Nature reserve in Bulgaria

Parangalitsa (Парангалица), also spelled Parangalitza, is a nature reserve in Rila National Park, located in the Rila mountain range in southwestern Bulgaria. Parangalitsa is the nation's second oldest protected area, declared in July 1933 to protect undisturbed primary forests, particularly of Norway spruce (Picea abies) and several pine species. Its original area was 1509 ha or 15,09 km^{2} and following several adjustments in 1961 and 2020, it currently spans a territory of 1487 ha or 14,87 km^{2}. It was declared a UNESCO Biosphere Reserve in 1977. Parangalitsa is a strict nature reserve (1st category protected territory according to Bulgarian legislation and IUCN classification) and in it are allowed only scientific research, education and passing through the reserve only on marked trails.

Parangalitsa is situated in southwestern Rila in the valley of the river Blagoevgradska Bistritsa between 1,480 and 2,485 m altitude.
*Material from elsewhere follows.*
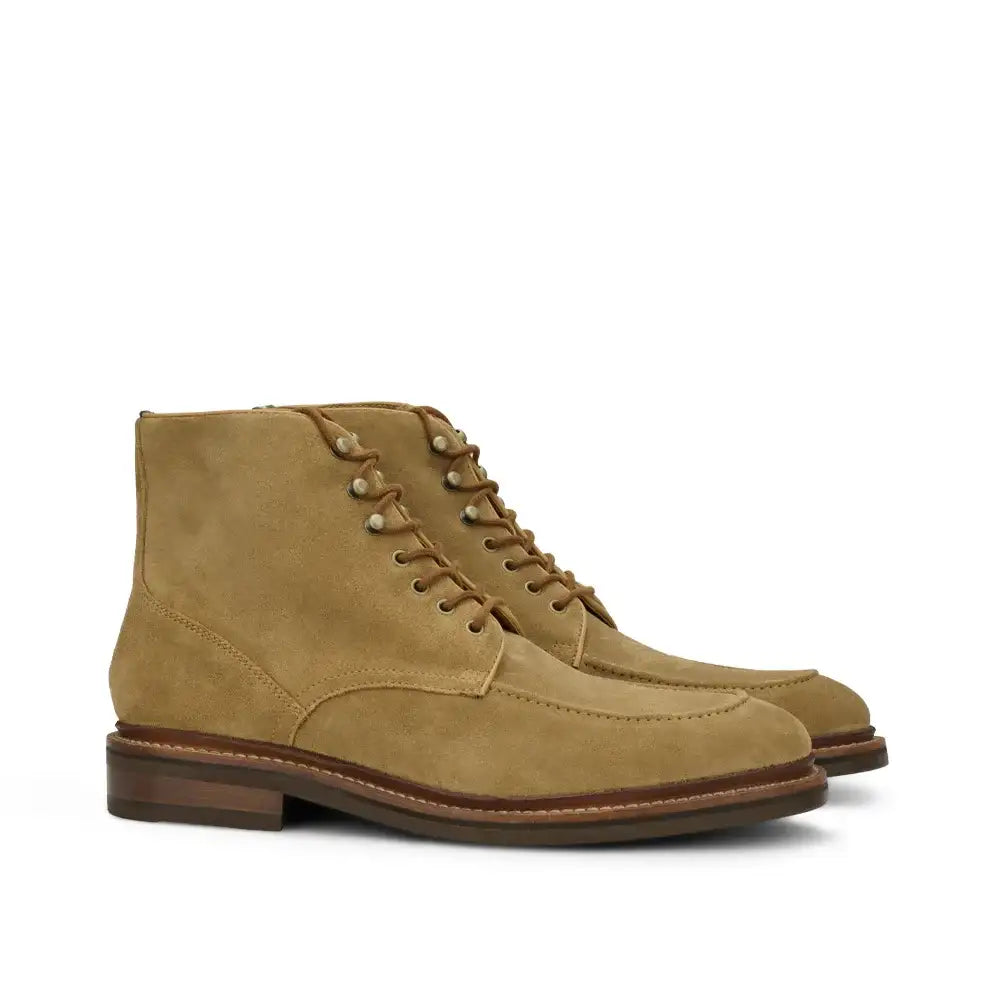 Men's lace-up moc toe ankle boots in suede with stacked leather sole, shown as a pair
Geologically it is dominated by gneiss and granite-gneiss. Administratively, it is part of Blagoevgrad Municipality, Blagoevgrad Province, within the area of the village of Bistritsa.

== Flora ==
The two main habitats are primary undisturbed forests and sub-alpine and alpine vegetation. The areas between 1,750 and 2,000 m altitude are covered with old growth forests of Norway spruce (Picea abies) and Macedonian pine (Pinus peuce) forming some of the oldest conifer woods in Bulgaria and Europe, 150–350 years. Some of the spruces reach height of up to 62 m. At lower altitudes there are mixed forests of Norway spruce, European silver fir (Abies alba) and European beech (Fagus sylvatica). Over 2,000 m are the zones of dwarf mountain pine (Pinus mugo) and alpine meadows. The flora is represented by more than 290 species of vascular plants. Some of the rare and endemic plants are Aquilegia aurea, Geum bulgaricum, Primula deorum, Jacobaea pancicii, Alchemilla catachnoa, Gentiana lutea, Gentiana punctata, Lilium jankae and Trollius europaeus.

== Fauna ==
The fauna is diverse, with many rare mammals and birds. Important conservation species include brown bear, gray wolf, red fox, European pine marten, European wildcat, chamois, red deer, wild boar, red squirrel, western capercaillie, golden eagle, hazel grouse, etc. Reptilians and fish are represented by species adapted to high altitudes, such as common European viper, viviparous lizard and river trout.